Bom dia, boa tarde, boa noite, pessoas!
Vou começar lhes pedindo desculpas pela falta de posts a semana passada.
"Sei, sei, é a sua agenda apertada..."
Verdade, meus nobres, mas não foi só isto desta vez. Houve um imprevisto também. Mas este eu conto a vocês em outra ocasião.
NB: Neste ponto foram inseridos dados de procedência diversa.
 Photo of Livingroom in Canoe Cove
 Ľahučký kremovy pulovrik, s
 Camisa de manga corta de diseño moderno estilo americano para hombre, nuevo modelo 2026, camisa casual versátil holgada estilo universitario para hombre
Mas o blog segue firme e forte, inclusive com aprimoramentos graduais, ainda que discretos num primeiro momento.
Muito bem, sem mais delongas, a parte vinte. Apreciem!
20
Como
assim, internato? Eu não me lembro de ter lido isto no prospecto que
me foi dado pela Kayla! Será que pulei esta parte?...
Conforme
anunciado, lá fomos nós outra vez até o "almox" pegar
nossas coisas. Além das minhas roupas civis, foram acrescentados ao
nosso "enxoval" uma muda extra de uniforme de combate
completo igual ao que estávamos vestindo, mais um par de coturnos,
duas mudas de uniforme de atletismo(que consistiam em shorts,
camiseta e um par de meias grossas) e um par de tênis que nunca
tinha visto antes, parecendo uma espécie qualquer de "conga".
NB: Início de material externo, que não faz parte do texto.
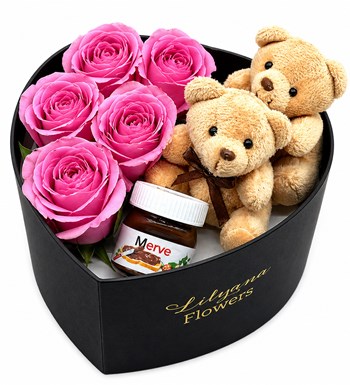 Lilyana Flowers - Küçük Kalpli Siyah Kutuda Ayıcıklı Nutellalı Pembe Gül
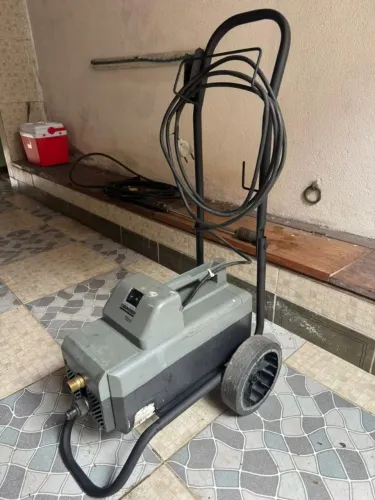 Vendo máquina de alta pressão Karcher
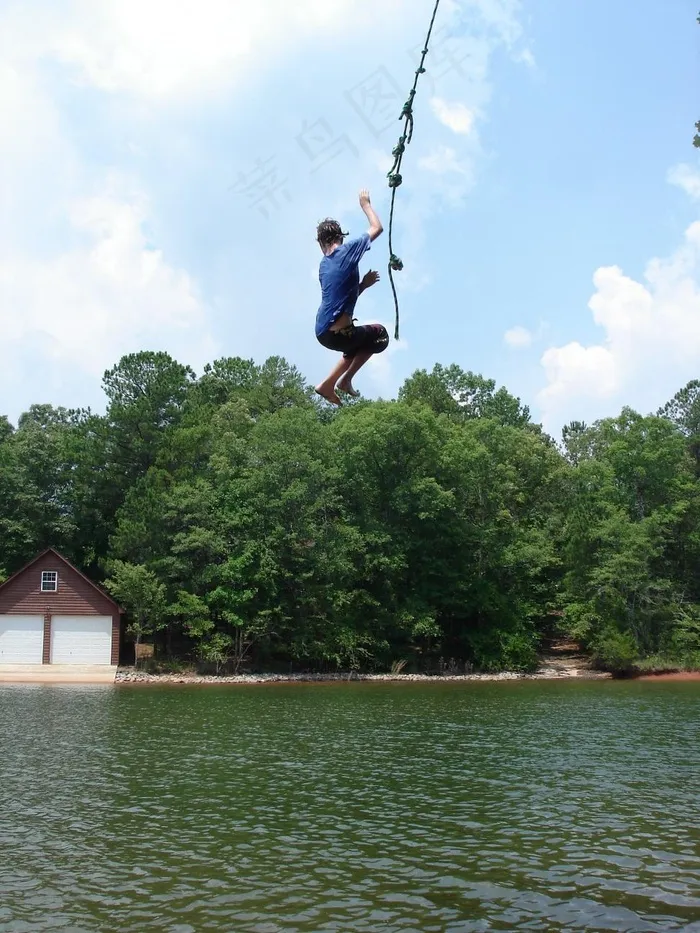 蓬松的空气从绳秋千上捕捉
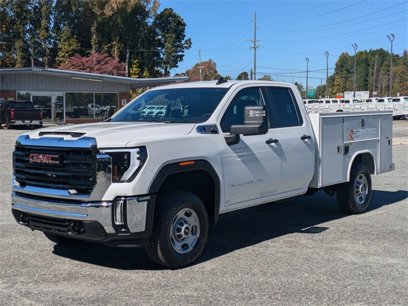 New 2025 GMC Sierra 2500 Pro w/ Convenience Package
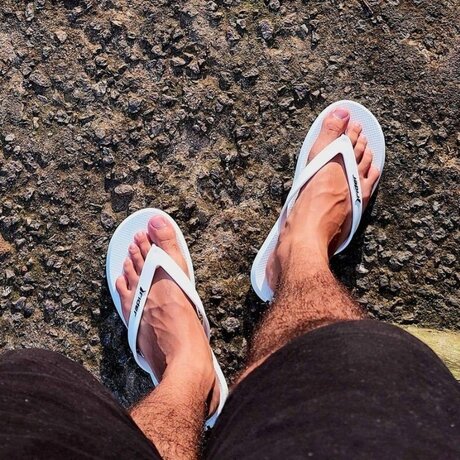 Foto di nudo di fuga di OnlyFans di Twink Feet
Ao receber minha tralha, dirigi-me à sala pegada ao "boteco"
para abrir o armário onde estavam minhas coisas. Ao reuni-las em
cima de um dos bancos, fiquei me perguntando como ia caminhar com
aquele "bolo" todo nas mãos aonde quer que me fosse
ordenado, quando somos chamados novamente até o guichê pelo
"jagunço" para recebermos(Oh! Que beleza!) uma grande e
camuflada mochila de campanha cada. E nos instrui:
-
Coloquem seus "trapos" todos dentro da mochila e ponham-na
às costas! A toque de caixa!
Feito
isso, formamos no pátio lá fora, já de frente pra a área do
cerimonial, ao invés de ficarmos posicionados em direção da Erasto
Gaertner, como de manhã.
Ouvimos
a instrução:
-
Agora serão conduzidos até seus alojamentos, para a designação de
suas camas e armários no dormitório reservado aos recrutas do
batalhão. Sigam-me! Marchar!
Marchamos
por uma boa parte daquele quartel, virando à esquerda na "curva
da gororoba" e novamente à direita na "avenida"
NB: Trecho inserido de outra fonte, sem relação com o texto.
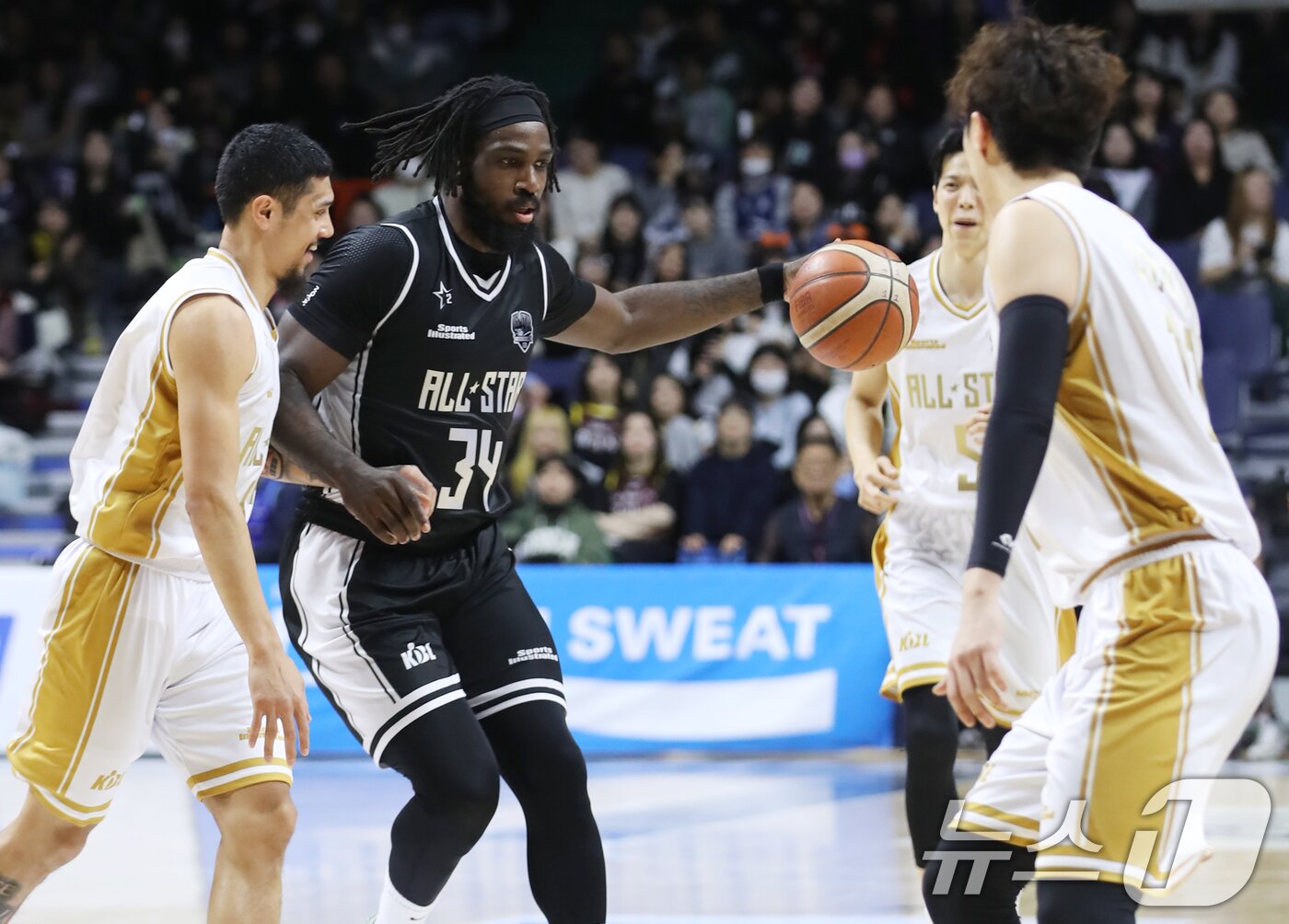 본문 이미지 - 19일 오후 부산 사직실내체육관에서 열린 2024-2025 KCC 프로농구 올스타전 팀 크블몽과 팀 공아지의 경기에서 크블몽 자밀 워니가 공아지 수비에게 둘러싸여 있다. 2025.1.19/뉴스1 ⓒ News1 윤일지 기자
localizada na lateral esquerda do "20", que fica
imediatamente após o muro de divisa com o CINDACTA II. Por onde quer
que passássemos, seja na área do cerimonial, em frente da oficina,
no pavilhão da administração, não importa, todos os militares que
estão por ali nos olham, sem exceção. Somos um espetáculo à
parte. Fico encucado, me perguntando porque despertamos esta reação.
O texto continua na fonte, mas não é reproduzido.